Le résultat de la course qui s'est jouée il y a une décennie est un marché aux innombrables solutions, plus ou moins saturé, qu'il peut paraître vain de chercher à pénétrer maintenant mais qui offre une opportunité formidable en raison même de sa diversité. En effet, avec la croissance massive des usages, les adeptes sont confrontés à une friction récurrente lorsqu'ils souhaitent échanger de l'argent avec un correspondant recourant à un fournisseur de porte-monnaie « digital » différent de leur favori.
La seule réponse envisageable à ce jour consiste à créer un compte dans chacune des applications proposant ce genre de services, de manière à toujours trouver un terrain d'entente au moment d'exécuter un versement. Hélas ces systèmes requièrent souvent un dépôt et, surtout, conservent les encaissements dans leurs propres livres. Se pose alors le problème de la dispersion des sommes ainsi accumulées : comment les gérer, comment en utiliser la totalité librement sans avoir à jongler entre les logiciels…?
Avec le concept Visa+, la vie du consommateur redevient simple. Chaque individu conserve uniquement son (ou ses) moyen(s) de paiement préféré(s), dans le(s)quel(s) il lui suffit de définir un identifiant dédié à ses transactions externes. Par la suite, au sein de toutes les solutions compatibles, celui-ci peut être sélectionné comme destinataire d'un règlement, la plate-forme du réseau de cartes – qui réplique de la sorte son métier historique – se chargeant de réaliser le transfert entre les deux systèmes.

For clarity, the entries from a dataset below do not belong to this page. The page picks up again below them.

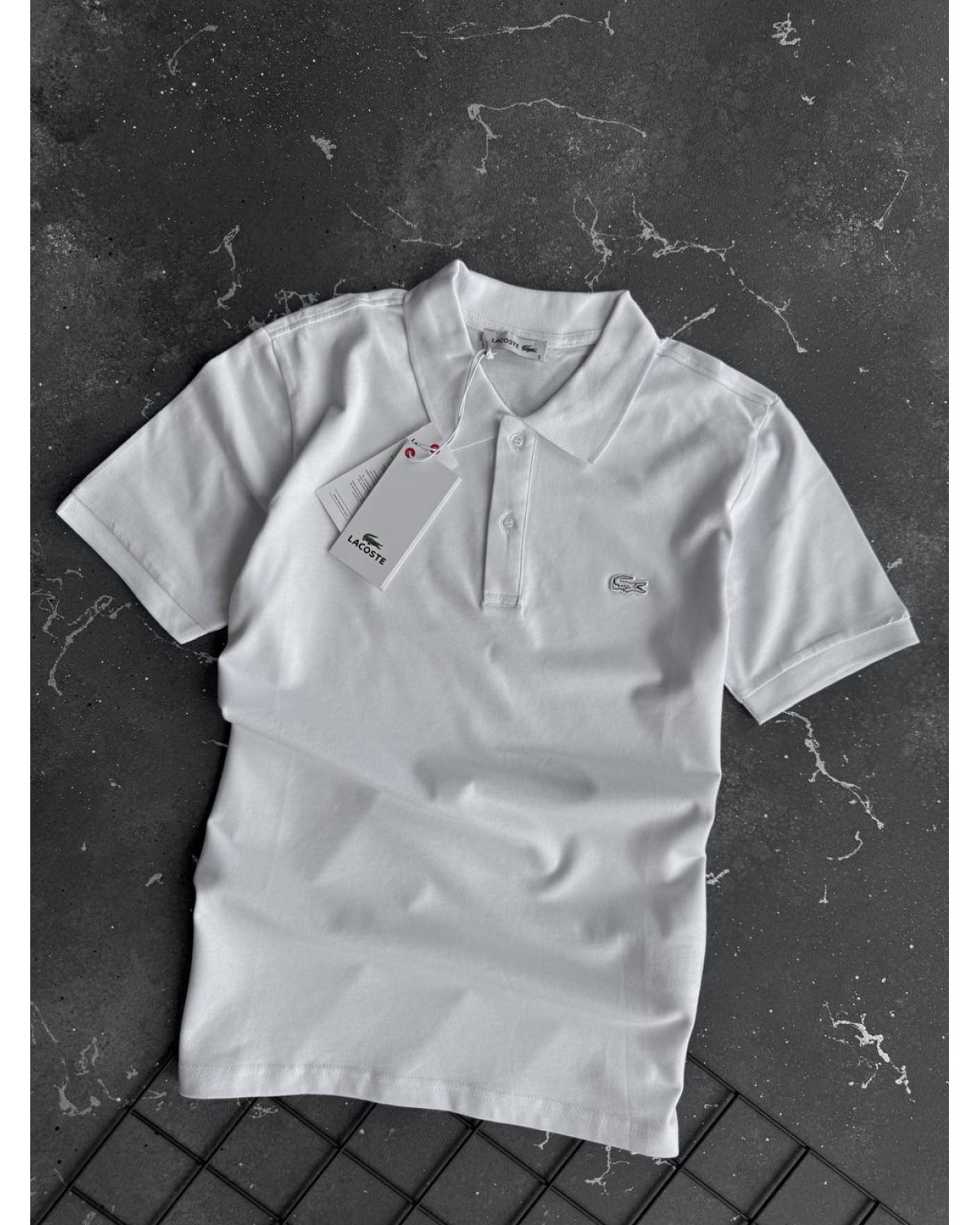 Футболка поло Lacoste біла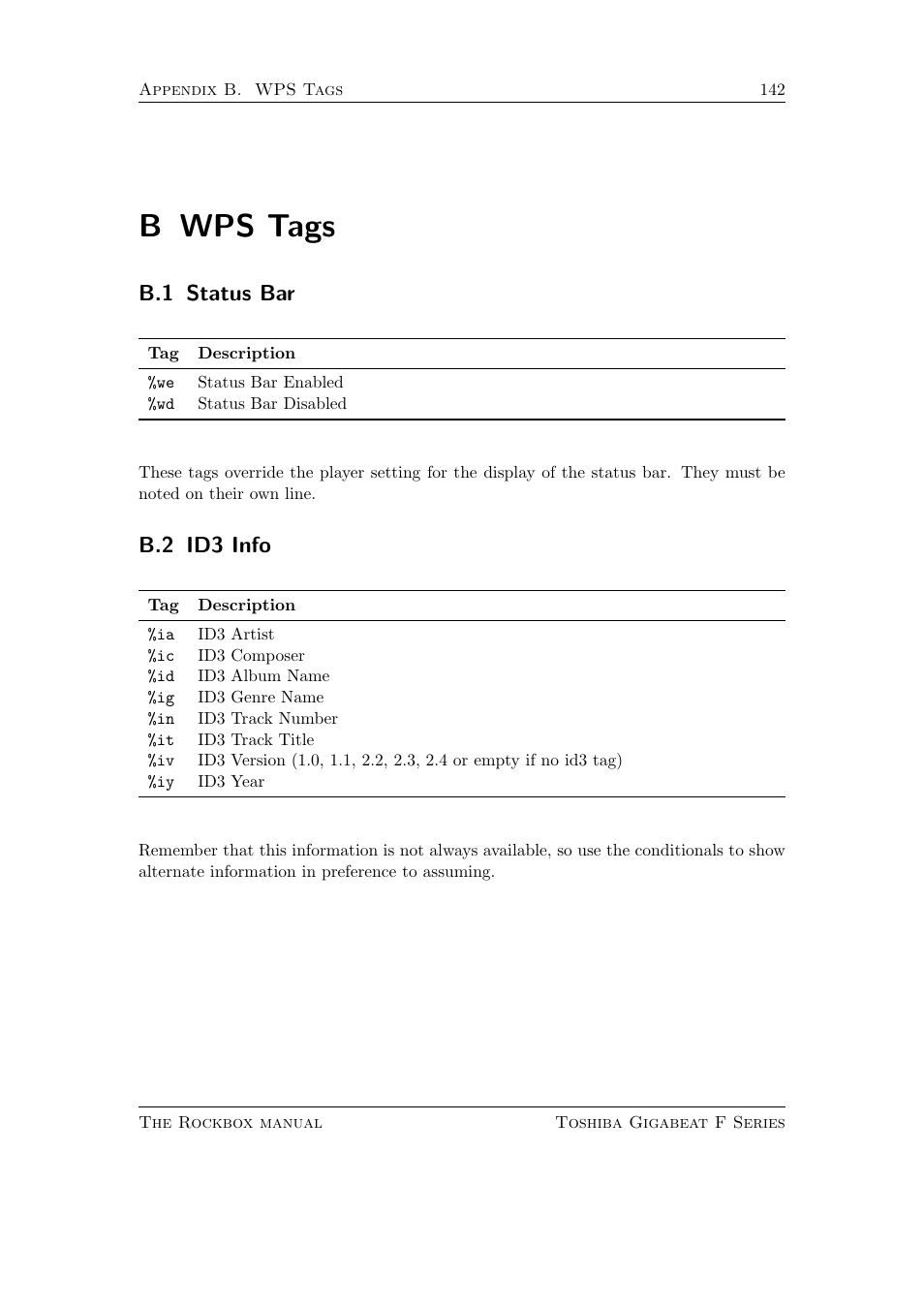 Wps tags, Status bar, Id3 info | B wps tags, B.1 status bar, B.2 id3 info | Toshiba Rockbox F Series User Manual | Page 142 / 177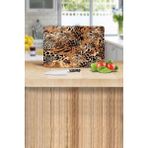Saban Leopar Desenli 20x30 cm Cam Kesme Tahtası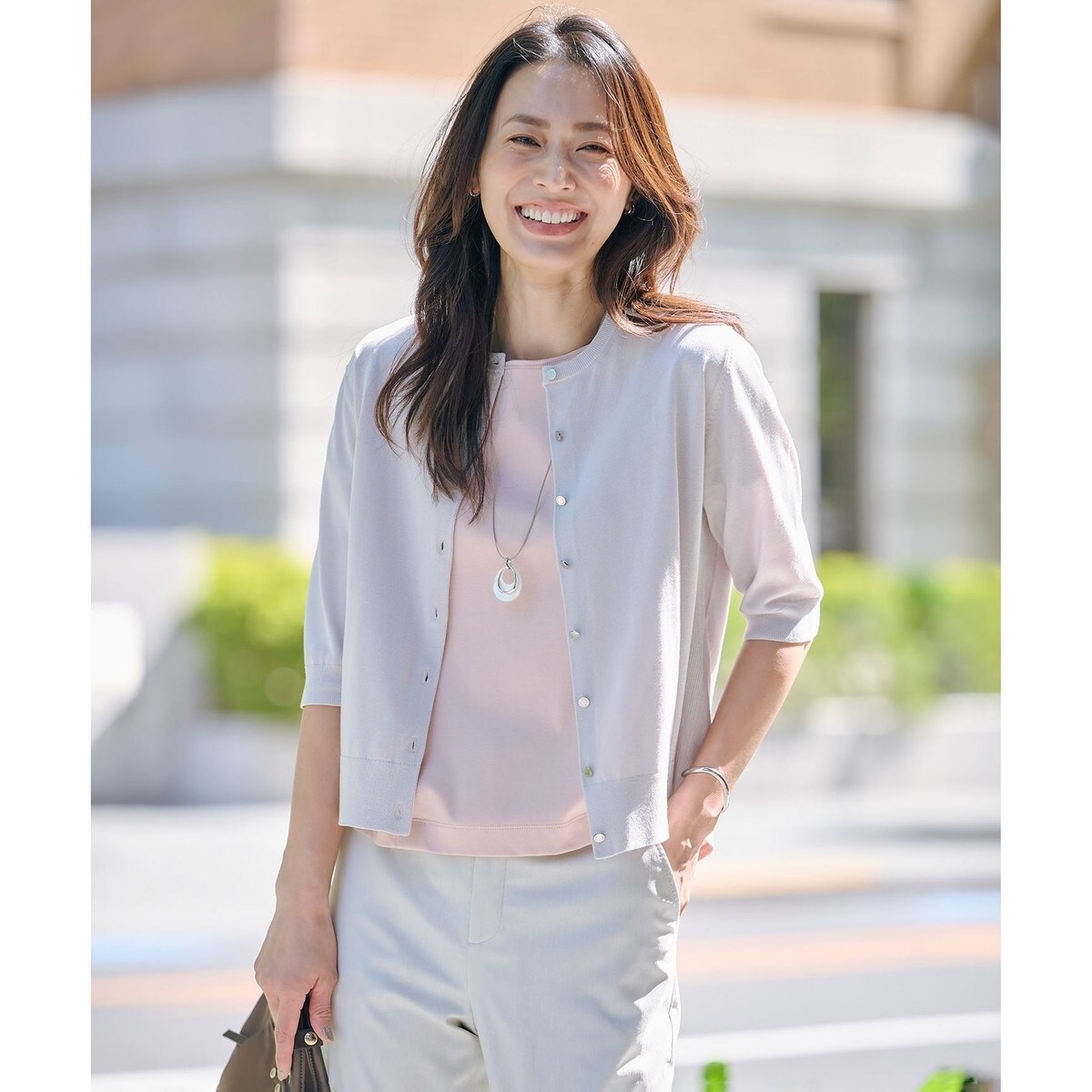 Ｊプレス（J.PRESS）2023SS 洗える・抗菌防臭 カーディガン 洗える・抗菌防臭】COTTON ACETATE DRY バタフライスリーブ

Dans un premier temps, celui d'une expérience pilote qui s'étalera sur l'année 2023, seuls deux acteurs (étroitement liés) sont engagés, mais de taille : PayPal et Venmo. En parallèle, une poignée de partenaires de Visa rejoignent le navire, sur un autre scénario de mise en œuvre puisqu'il s'agit de déployer sur des sites commerciaux (de l'avance de salaire de DailyPay aux transferts internationaux de Western Union) une option unique de paiement intégrant automatiquement les principaux porte-monnaie virtuels.
Le lancement officiel de Visa+ est planifié pour la fin de cette année et une généralisation (au reste du monde ?) interviendrait dans le courant de 2024. Il restera tout de même à voir si les acteurs concernés – il en faudra beaucoup pour espérer le succès – suivront les deux mastodontes embarqués dans l'aventure : les gros pourraient se satisfaire de leur audience captive, les petits risquent de craindre une marginalisation et tous voudront évaluer au préalable les bénéfices potentiels de leur participation.
Au fil des annonces, se dessine la stratégie de Visa dans un univers des paiements qui promet de changer radicalement. Oubliées, apparemment, les velléités passées de prendre pied en bout de chaîne, dans les interactions entre utilisateurs finaux, la cible consiste maintenant plutôt à décliner le principe du réseau d'infrastructure (de ses origines) dans les domaines d'avenir – là les monnaies « digitales » de banque centrale (MDBC) ou, ici, les applications P2P – en profitant de l'explosion des besoins d'interopérabilité entre une myriade d'outils génériques ou de niche.